|
|
|
|
|
by numinary1
3489 days ago
|
|
When I was working on a recommender for television shows, I ran SVD on a large User/Item matrix to create a low rank approximation, essentially reducing thousands of user features (TV show preferences) to user vectors representing twenty or thirty abstract "features". Then I looked at the actual item preferences of users who expressed each feature at the greatest and least magnitude. The features, in some cases, mapped to recognizable constructs. There were distinct masculine and feminine features, several obvious Hispanic / Latino elements, and strong liberal versus conservative indicators. Others were less explainable using common labels. It struck me at the time that the qualities that were expressed most strongly were the ones that ended up having names in our language. But there were others for which I would say to myself, there is something about this group (e.g. those with the greatest expressed value of F124) that I recognize, but can't quite put my finger on. Of course, I was looking at people through a keyhole, their TV viewing preferences being the only information I had. Also, I noticed that these "came into focus" most clearly at a certain level of compression (rank). FWIW |
|
The issues being discussed in the essay have been a central issue in some area of psychology and behavioral sciences for some time--how to interpret components such as these.

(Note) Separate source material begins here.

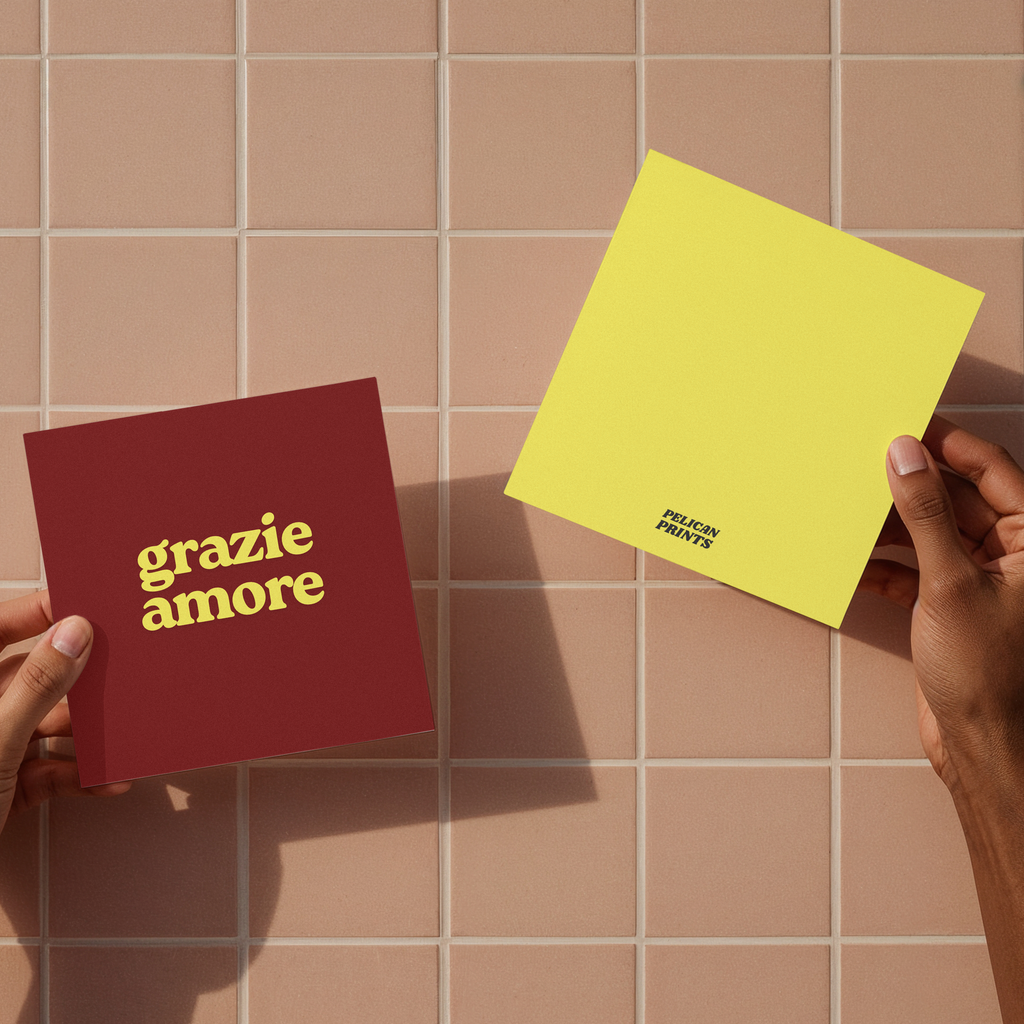 Kartenset Grazie Amore – Vorderseite dunkelrot, Rückseite gelb, beschreibbar, mit transparentem Umschlag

One thought about your "coming into focus at a certain level of compression" comment: I've done some analyses of these vectors as applied to text samples, and one thing that struck me was how unreplicable some of them were across datasets that should be ostensibly similar (but are not the same). Others, in contrast, reappeared across multiple corpora. To the extent some of these components represent "real" features, they should reappear consistently across different datasets where you'd expect them to. That is, they should be robust to changes in idiosyncratic features of the database.